The agent slows down (feature #4 or feature #5) to come to a stop. When a minimum velocity is reached, the agent activates this feature.

Relevant initial states are, if

the vehicle has already stopped (v = 0),
the vehicle is still moving (v > 0).

Execution:

By setting the flags state.conscious.stop.standing or state.conscious.follow.standing the feature is activated. When activated, the pedal value is set to param.stop.pedalDuringStanding (see Parameters), otherwise the pedal value is set to infinity (direct pedal control deactivated).

Behavior:

The vehicle is kept in standstill if $v=0$ (Test 1.1)
From a velocity v < 10 m/s, the vehicle stops and reaches the target pedal value within 5 seconds within 7 seconds. The deceleration is slightly below -2 m/s² (Test 1.2).

Output:

The output of the controller is the input pedal value for the vehicle model.

Capability feature 2: Controlling a desired acceleration

The implementation can be found in AgentModel::step(double simulationTime). The function calculates the desired acceleration. A PI-controller calculates the corresponding pedal value.

Objective:

Accelerate the vehicle exactly with a desired acceleration.

Limitations:

The acceleration is limited by the dynamics of the vehicle model. Basically, the max. acceleration is a function of the maximum power, the mass and the actual velocity of the vehicle. The maximum deceleration is basically limited by the maximum brake torque.

Initial situation

The agent uses controlled acceleration when

the agents wants to reach the desired speed (feature #3), or
the agent approaches and keeps distance to a preceding road participant (feature #6), or
the agent is going to stop the vehicle (feature #5).

Execution:

By setting the signal state.subconscious.a, the PI pedal controller sets a pedal value and compensates errors between desired and actual acceleration by a change in the drive or brake pedal.

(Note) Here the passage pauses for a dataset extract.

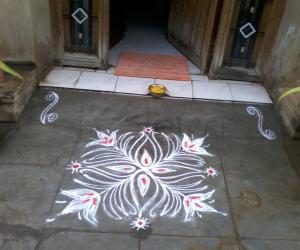 Rangoli: White beauty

Within the normal behavior, A sum of reaction values for velocity control, stop control and distance control during following are calculated to the resultant desired acceleration, based on the Intelligent Driver Model (IDM) [1].

Behavior:

The agent model compensates large acceleration errors within 5 seconds to an error below 0.01 m/s². This expression is valid for realistic accelerations within the limitations of the vehicle model. The behavior can be adapted by the PI pedal controller. A large I parameter value leads to quick and accurate control of the acceleration with an overshoot, when steps are compensated. A low I parameter value leads to no overshoot, but a very low error is reached within a larger time period.

Output:

The output of the controller is the input pedal value for the vehicle model.

Capability feature 3: Controlling a desired speed

The implementation can be found in AgentModel::step(double simulationTime). The function calculates the desired acceleration.

Feature chain: Desired velocity → desired acceleration (feature 2) → pedal value (pedal controller) → actual pedal position (VM) → actual acceleration (VM) → actual velocity.

Objective:

Accelerate or decelerate the vehicle to reach and hold a desired velocity.

Limitations

The velocity of teh vehicle is limited by the dynamics of the vehicle model. Basically, the max. velocity is a function of the maximum power of the vehicle (and resistance parameters). The minimum velocity is zero. Backwards driving is not implemented, yet.

Initial situation

The agent uses the velocity control continuously

to limit the desired curve speed (feature #12), and
to avoid exceeding the permitted maximum speed (feature #13), and
to avoid exceeding the max. comfortable cruise speed (feature #14).

Execution:

By setting the signals state.conscious.velocity.comfort, state.conscious.velocity.curve, state.conscious.velocity.rule, the agent model calculates a desired acceleration.

The minimum of the stated velocities is calculated and set as local maximum velocity. Based on the IDM [1], the acceleration is calculated.

Behavior:

The agent model accelerates or decelerates to reach the desired velocity from the actual velocity (velocity step). With decreasing the step, the actual acceleration decreases as well until, when the desired velocity is reached, the acceleration is zero. The time interval in which the velocity is reached, strongly depends on the velocity step and the acceleration parameter _param.velocity.a. The parameter defines the maximum acceleration to compensate velocity steps. Starting from v = 0, the agent model accelerates with the maximum acceleration set by the parameter.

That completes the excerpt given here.